HMRC did not lose this case on the question of whether a settlement was in place or not (the House of Lords held that there was); it lost because Mr and Mrs Jones successfully deployed the spousal exemption clause within (what is now) ITTOIA 2005, 626, which only catches gifts between spouses (or civil partners) which are “wholly or substantially a right to income”. As Mrs Jones was an equal shareholder with equal voting rights etc, what she received was not purely a gift of income; the income matched her underlying shares, which carried all the same responsibilities.
The dividend ‘trap’
A lot of taxpayers have been caught out by the legislation over the last century.
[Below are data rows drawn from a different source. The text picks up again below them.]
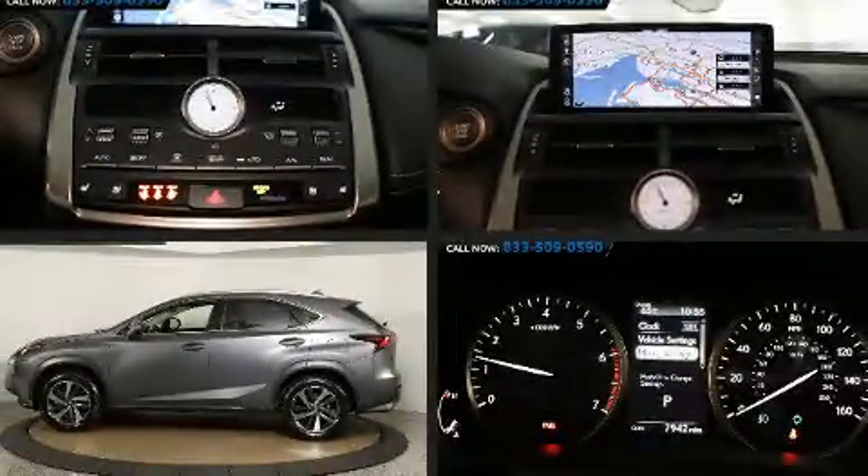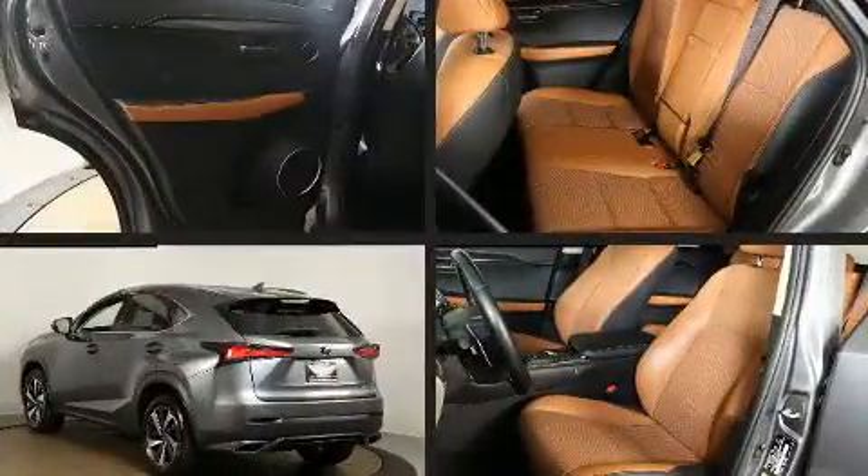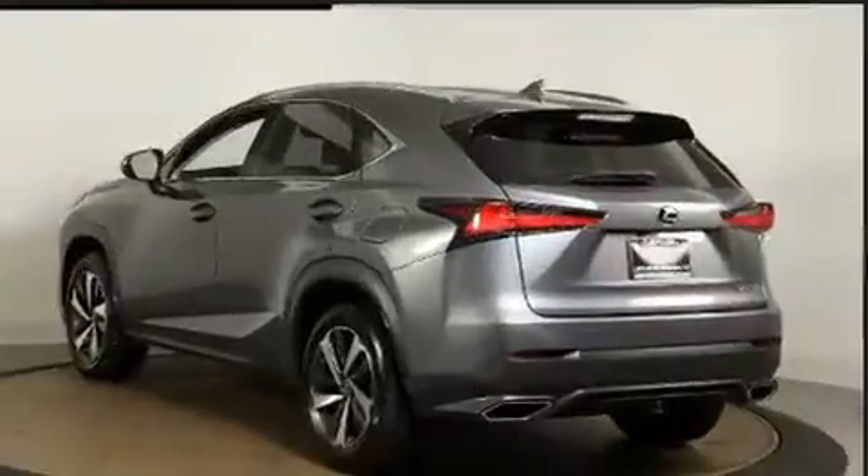Discerning drivers will appreciate the 2018 Lexus NX 300. With less than 10,000 miles on the odometer, this four-door sport utility vehicle prioritizes comfort, safety, and convenience.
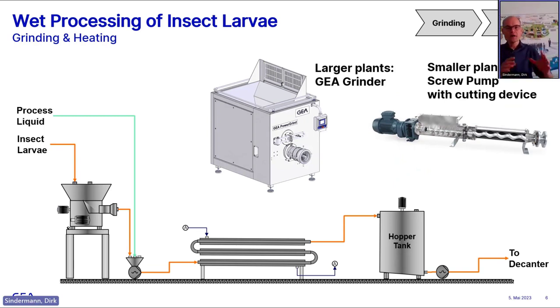After devitalization, we go to the next stage. We also produce grinders where we can cut the particle size. For smaller plants, our grinders might be a little too large, so we also scan the market for alternatives. We found a German supplier building pumps with a cutting device that has the same effect as a grinder. You cannot do that for larger capacities — five tons plus or four tons plus per hour — but for smaller ones, there are really alternatives available.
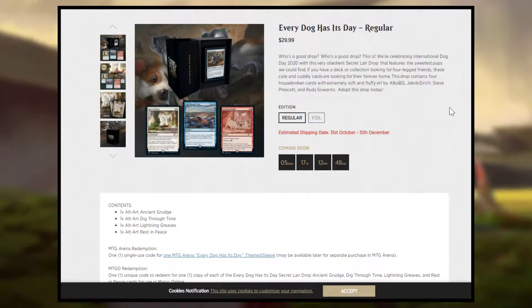If we go over to the Secret Layer website — first off, it's coming in about six days from the filming of this. It costs 30 bucks, just like the other one, for four cards. I don't believe the value exactly equals up to 30, but with the alternate art, whatever.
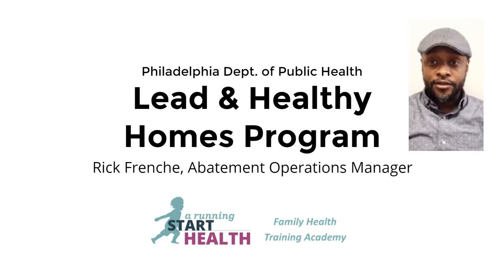Thank you for taking a couple of minutes out to learn about the effects of lead and lead poisoning. My name is Rick French. I'm from the City of Philadelphia Health Department, the Lead and Healthy Homes Program.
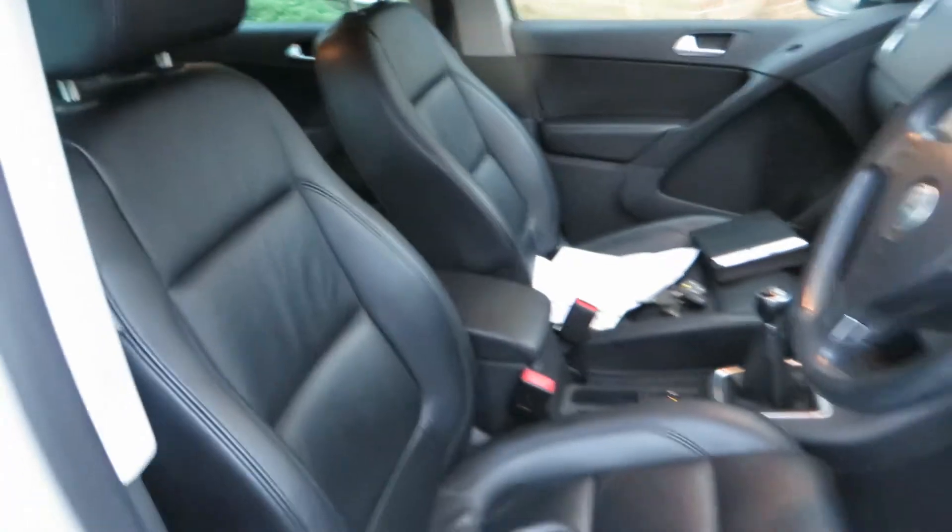Beautiful leather interior, all in very good order. I can say the same about the front as well — seats are in good condition, electric seats as well. One key for the car, and we've done 55,730 miles in total. There's a book pack.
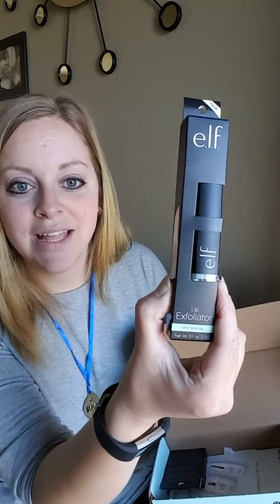The next thing is a matte lip color in wine. I don't wear much on my lips other than lip balm, so this will be nice to try something different. And a lip exfoliator — perfect for this time of year. I have really dry lips so this will be perfect right now.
Some of those challenged were rather famous (e.g. actor Jack Hawkins and child star Hayley Mills both fell foul of the settlements legislation). They too took very small salaries from the limited companies through which they offered their services to the film industry, resulting in over-inflated reserves.
It’s not just the paying of dividends to other family members which can invoke the legislation; failing to pay dividends to the ‘correct’ person is just as evil in HMRC’s eyes. Whereas the Jones’s got off the hook, Messrs Donovan and McLaren [2014] UKFTT 048 (TC) were not so lucky when they waived their dividends, thus allowing their wives to ultimately receive them. In HMRC’s (and the First-tier Tribunal’s) view, the waivers themselves were gifts of ‘pure’ income and had no commercial legitimacy.
Where are we now?
So, where are we with the settlements legislation? The truth is we are in pretty much the same place as we have been since 1922. Like their forebears, HMRC will pursue those whom they believe is transferring income (or ‘purely’ income between spouses) in any manner which is uncommercial and results in less tax being paid. Alphabet shares, whilst common, are just such a tool for doing this; as are dividend waivers.
It’s a grey area, but essentially the only real advice is, as far as dividends are concerned: wherever possible, don’t vote dividends to family or close-friend shareholders at levels you wouldn’t vote to any other shareholder within the firm.